Most people want a great smile, and adults know that it can make a great difference not only in their personal but also their professional lives. Many say the payoff is worth the temporary inconvenience and expense of braces.

“Patients that I see now, I think there’s an initial concern, but if they really and truly want the braces, they’re not that concerned once they make the decision. Once they’ve made up their mind to get them, they fall right in because they either know someone that had them before or they’ve seen their kids go through it and they want the same thing for themselves,” says Duane Anglin, DDS, a dentist outside of Baltimore who decided to get braces during dental school. He says he has no regrets.

“From a professional standpoint, I think I’m a lot more comfortable walking in the room and saying hello, good morning, and meeting a new patient for the first time, because in the back of my mind it was always, ‘How am I going to be a dentist and have teeth that are not straight?'” he says.

Sebastian says age shouldn’t be a worry. He says as people live longer, he sees more adults of all ages interested in preserving their teeth. Senior citizens are even becoming more common in his practice.

The Healthy Smile

Dental professionals say there are also health reasons for having a correct bite.

“With teeth that are in cross bite, teeth that are misaligned, there is an increased chance of plaque buildup, food buildup in between your teeth, which is a trickle-down effect because the more food buildup, the more plaque; therefore, the more concern for periodontal disease and gum disease,” Anglin tells WebMD. Improper bite also means you can’t chew food properly, which can lead to gastrointestinal problems, he says.

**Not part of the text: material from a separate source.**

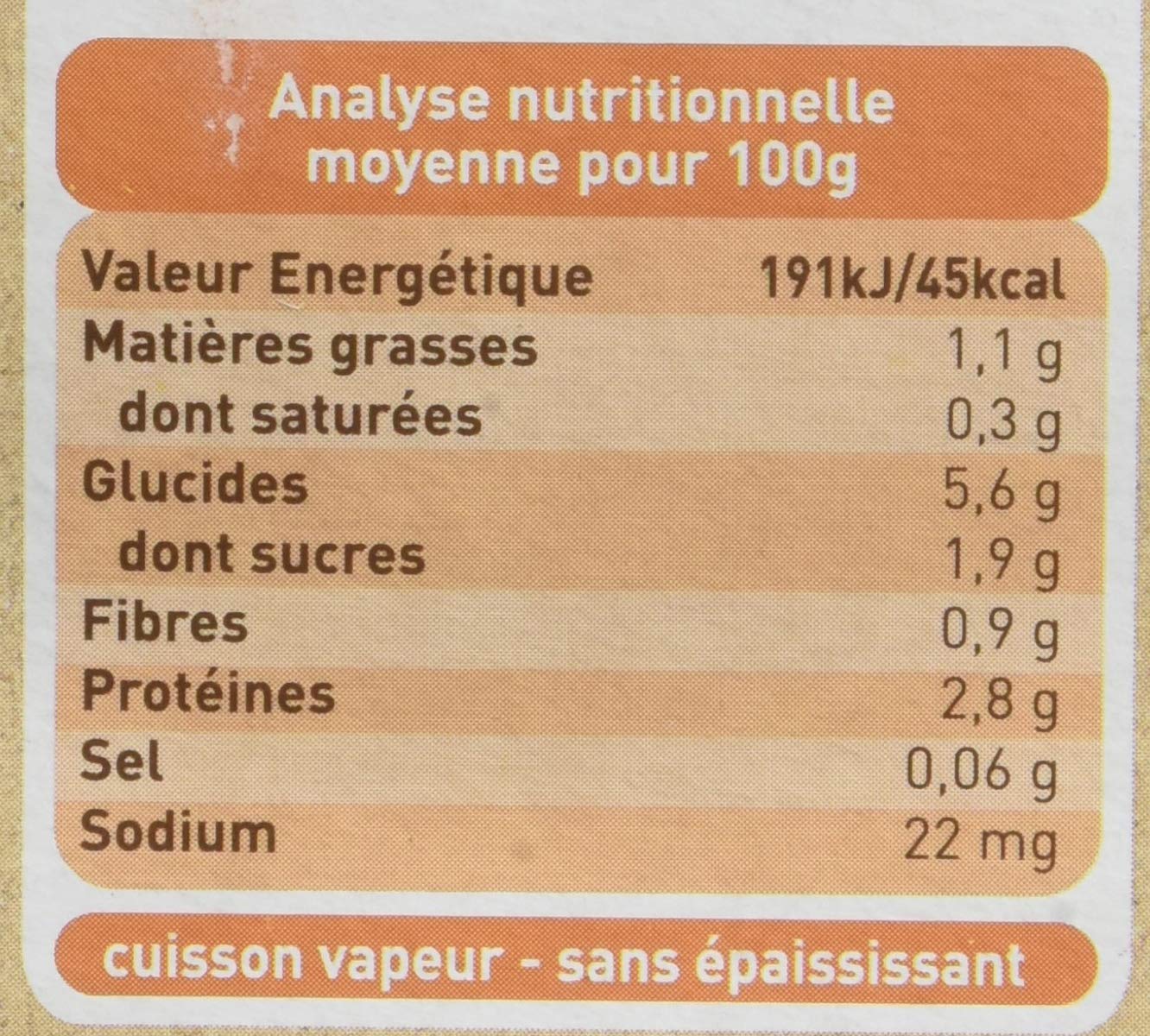 babybio-bols-mijot-l-gumes-poulet-fermier-quinoa-bio-2x200g-12-mois image 4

So how do you get that Hollywood smile? There are more options than ever. With traditional braces, you can select metal or clear/ceramic braces, but there are pros and cons.

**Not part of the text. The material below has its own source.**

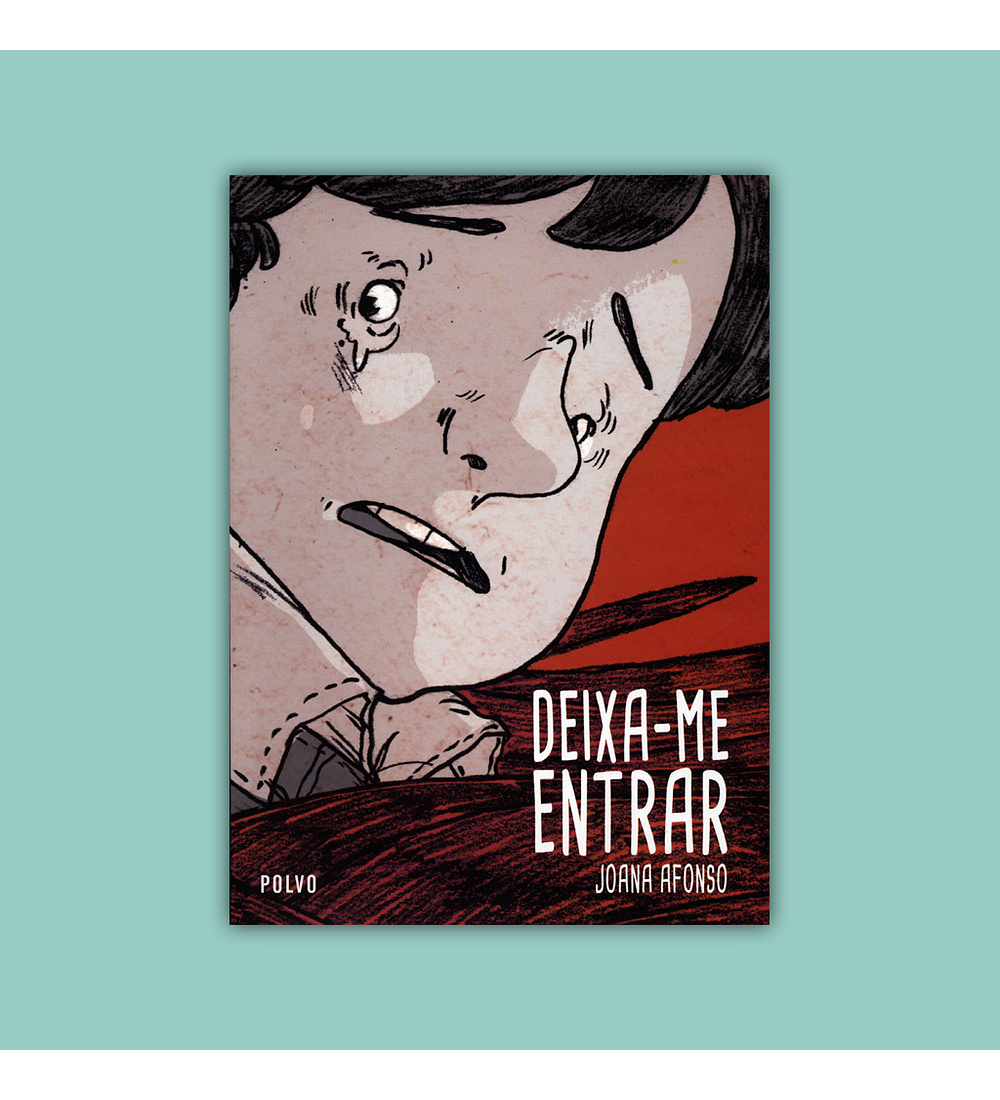 Deixa-me Entrar 2014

“Traditional metal braces — if the patient has a significant bite problem or severelycrooked teeth — are slightly more effective at moving teeth than clear braces. If you came to me and said, ‘I want my teeth as straight as fast as possible,’ and you had really crooked teeth, then I’d say put metal braces on,” Sebastian says.

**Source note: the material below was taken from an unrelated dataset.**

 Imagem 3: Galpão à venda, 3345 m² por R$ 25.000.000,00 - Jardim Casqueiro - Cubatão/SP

Often, adults hoping to avoid “metal mouth” go the clear route.

“I’m not embarrassed about having [braces] at my age because you see a lot of people now, young adults, even older adults wearing braces,” says Ivy Horn, a lawyer in Atlanta who is considering clear/ceramic braces after already wearing metal braces as a teen. “In my field I do a lot of speaking when I am in court a lot. I just think it would look better if I had the clear braces rather than the metal braces so people aren’t focusing so much on what’s in my mouth but the words that are coming out of my mouth.”

Invisalign vs. Braces

Another option for the vain at heart is Invisalign. Patients wear a series of clear, removable orthodontic aligners that are adjusted as the teeth shift into place without metal or wires. A series of custom-made aligners are worn each for a period of two weeks. Each aligner moves the teeth progressively into place. Average total treatment time: a few months to 1 1/2 years. While orthodontists say Invisalign can be a good alternative to traditional braces, there are limitations.

A critical component of braces are the end game — wearing the retainer. “It used to be, your teeth are straight, you wear retainers for a year, it will never change. Well, we know that’s just not fact. Now we have to tell patients to plan on retention for years; lifetime retention is the word that they use now,” says Sebastian, who has a number of patients who are repeat orthodontic clients.